━━ Source material

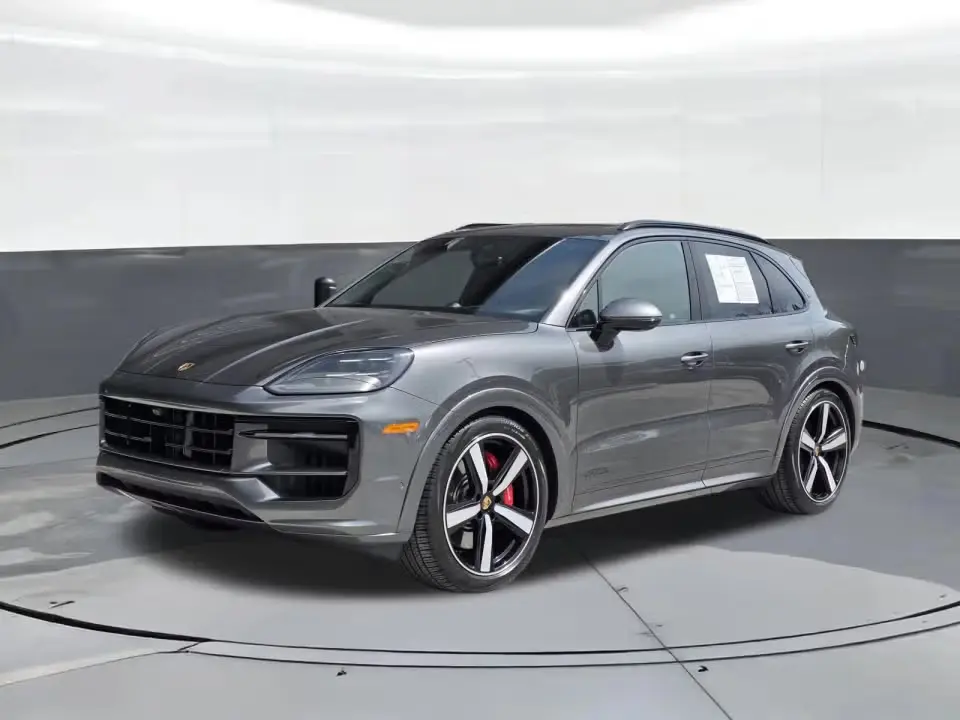 2025 Porsche Cayenne GTS photo 3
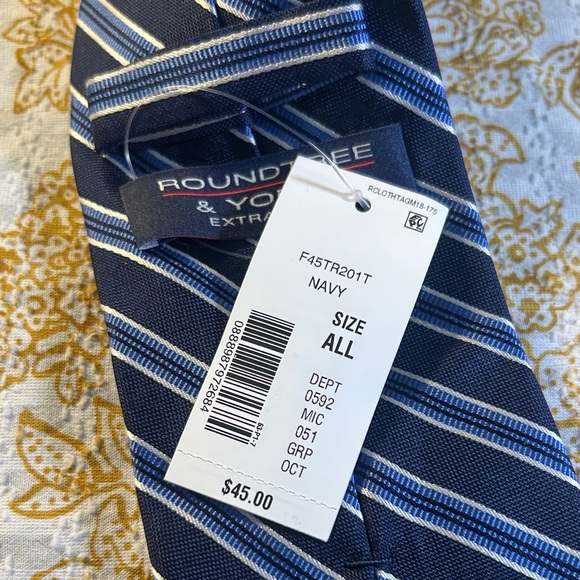 Roundtree & Yorke Navy and White Striped Tie - Picture 5 of 5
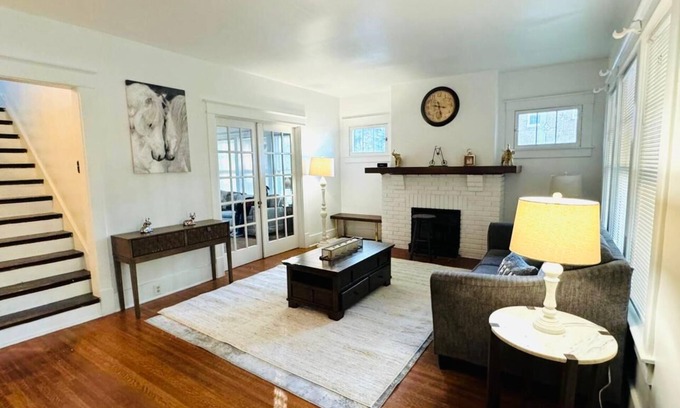 Germantown House | Highlands Home: Bourbon, Derby, Bar, Karaoke & Fun!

━━━━

- _What needs to be done_
What is needed is the whole listing again, set down exactly, without its pictures.

- _Result_
 2025 Porsche Cayenne GTS photo 3
 Roundtree & Yorke Navy and White Striped Tie - Picture 5 of 5
 Germantown House | Highlands Home: Bourbon, Derby, Bar, Karaoke & Fun!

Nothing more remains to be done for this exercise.